Les plateformes numériques, en tout cas celles qui en ont les moyens, feront tourner leurs algorithmes. Par là même, elles renforceront la censure d'une façon anticipée, en se prévalant a posteriori de leur bonne foi, afin d'éviter qu'on leur reproche d'avoir laissé fuiter des contenus à caractère terroriste.
Par ailleurs, rappelons qu'un délai d'une heure leur est donné pour supprimer tous les contenus potentiellement visés. C'est tout à fait irréaliste : eu égard aux millions de pages diffusées par minute, un délai aussi court ne permet à aucune organisation humaine de réagir. Les plateformes qui ne pourront se permettre d'affecter des moyens humains à cette veille technique vingt-quatre heures sur vingt-quatre devront utiliser des outils algorithmiques de tri des contenus proposés par de grandes entreprises comme Google ou Twitter, qui, elles, ont les moyens de les mettre à leur disposition. Dans ce contexte, elles devront ainsi se placer sous la coupe des GAFAM ou bien disparaître, ce qui pourra être le cas des plus petits éditeurs.

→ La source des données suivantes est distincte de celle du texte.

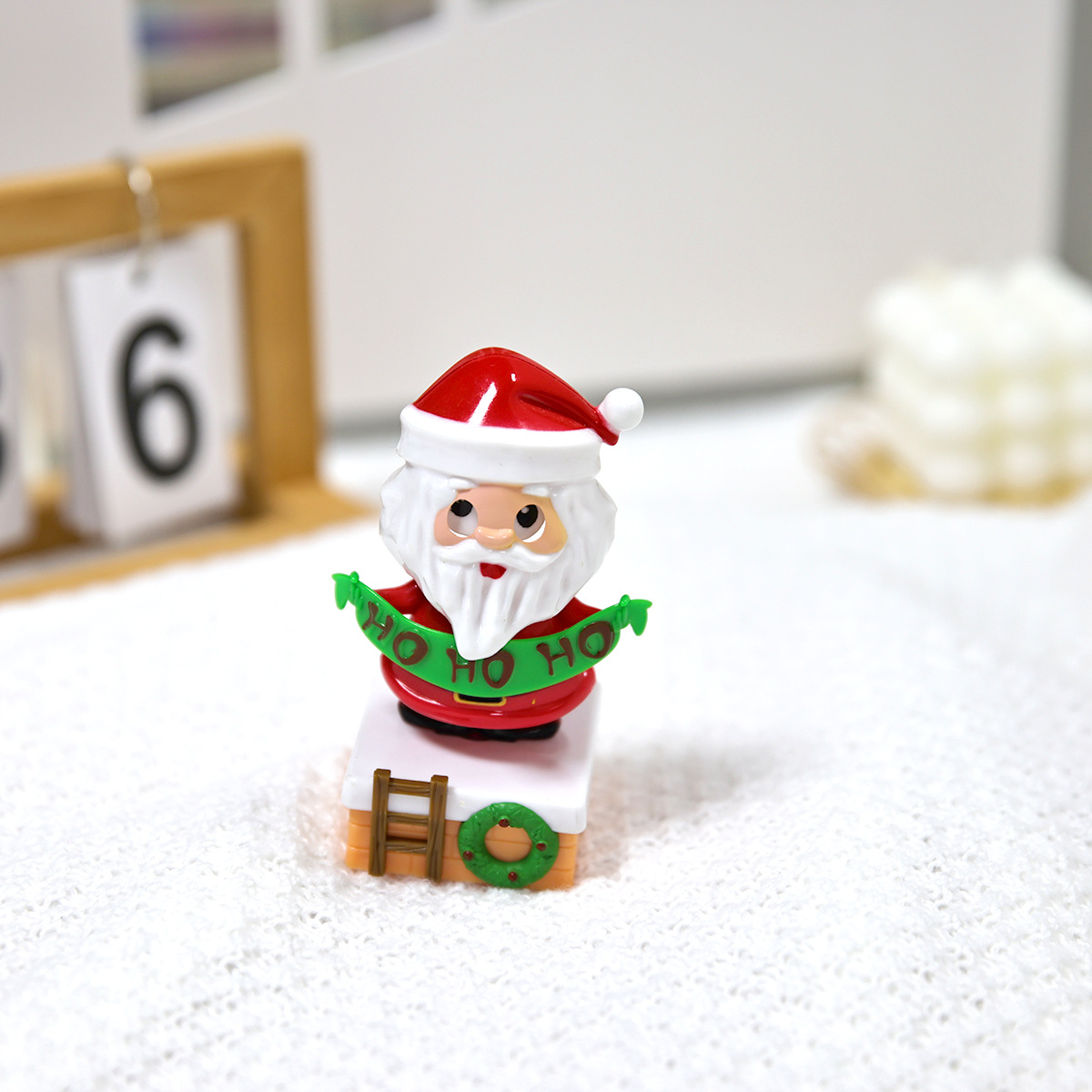 Cross-border new product Santa Claus HOHOHO green banner solar automatic rocker is available for wholesale and consignment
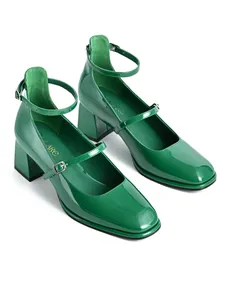 Detail view of green patent leather Mary Jane shoes with square toe and block heel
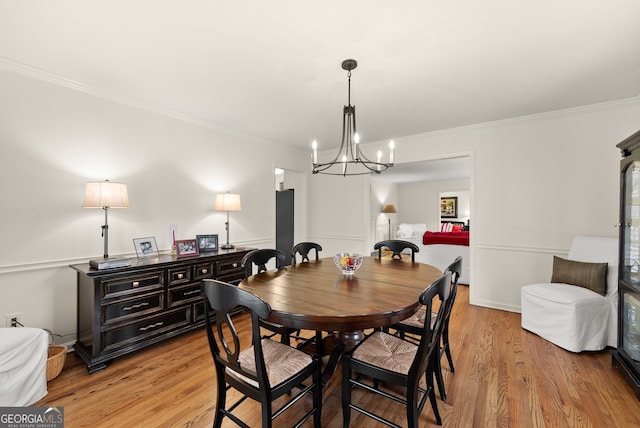 dining area featuring crown molding, light wood-style flooring, and a chandelier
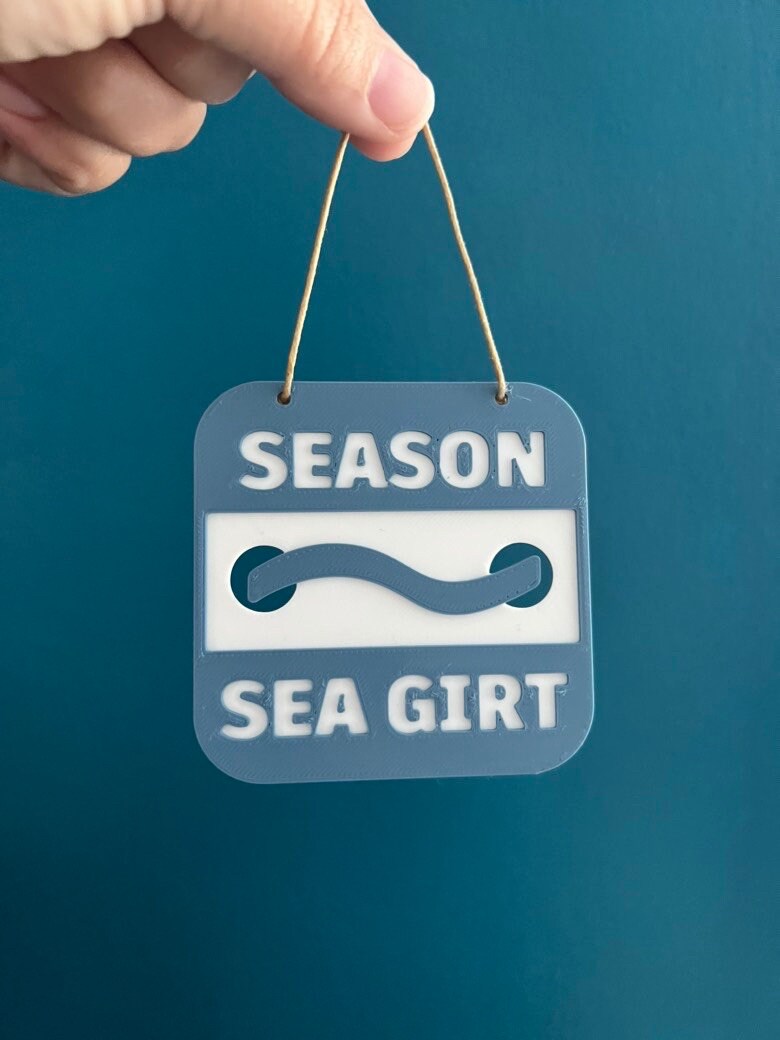 Hand holding a 3D printed Sea Girt beach badge ornament on a twine loop against a teal wall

Nous avons déjà pu évaluer les effets délétères des mesures d'exception prises ces dernières années, compte tenu des dérives répressives qu'elles portent en germe. Il faut veiller à un équilibre entre le respect de la liberté d'expression, pilier de notre démocratie, et la mise sous protection des citoyens. Cet équilibre est totalement rompu dans ce texte. Nous y voyons ni plus ni moins qu'un fort renforcement de la censure, qui pourra s'exercer de manière arbitraire et sans contre-pouvoir. Cest la raison pour laquelle le Conseil constitutionnel a déjà jugé que ce dispositif, prévu dans la tristement célèbre et liberticide loi dite Avia, portait atteinte de manière disproportionnée à la liberté d'expression. Telles sont les raisons pour lesquelles nous nous opposons à la proposition de loi.